White Winstanley Director has one of the top 20 most read articles in 2017-2018

Wiley Publishers have informed White Winstanley Ltd Director, Dr Edward White, that one of his recent research papers* was the top downloaded article from the International Journal of Mental Health Nursing and one of the top 20 most read articles in 2017-2018.

His article traced the historical development of clinical supervision to show a creditable evidence base had accumulated to demonstrate a positive effect on supervisees. However, comparatively little research evidence has entered the public domain on any effect that clinical supervision might have on other nominated outcomes.

In Australia, developments in clinical supervision were recently prompted by initiatives at national and State levels. Since 2010, lead agencies for these have sought feedback from professional bodies and organizations on a number of inter-related draft policy documents.

His article tracked changes over time between the draft and final versions of these documents in New South Wales, and reviewed the original sources of literature cited within them.  The strength of evidence upon which the final published versions were reportedly predicated was scrutinized.

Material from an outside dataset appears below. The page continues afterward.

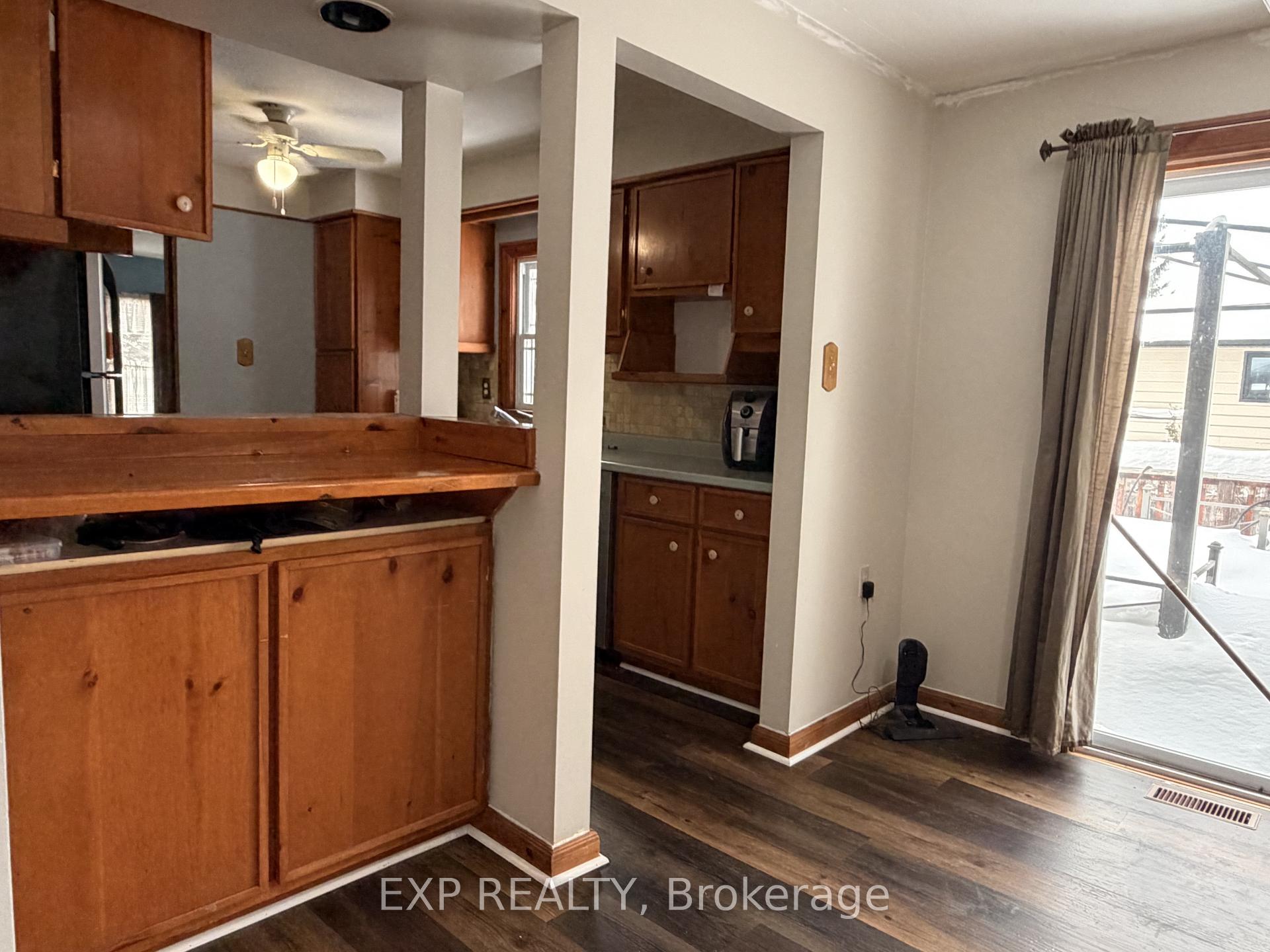 Photo 44 of 78 Yonge Street N, Springwater, Elmvale — HOMEH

Upon examination, Dr White found that claims to the wider benefits of clinical supervision were found to be unconvincingly supported, not least because the examples selected by the agencies from the international literature and cited in their respective documents were either silent, parsimonious, or contradictory.

He found that many claims remain at the level of folklore/hypothetical propositions, therefore, and stayed worthy of rigorous empirical testing and faithful public reporting. He acknowledged that such investigations are notoriously difficult to conduct and identified noteworthy examples in the contemporary literature that signpost robust ways forward for empirical outcomes-orientated research, the findings from which might strengthen the evidence base of future policy documents.

*White E [2017] Claims to the benefits of Clinical Supervision: a critique of the policy development process and outcomes in New South Wales, Australia. International Journal of Mental Health Nursing, 26, pp65–76 [ISSN 1445-8330].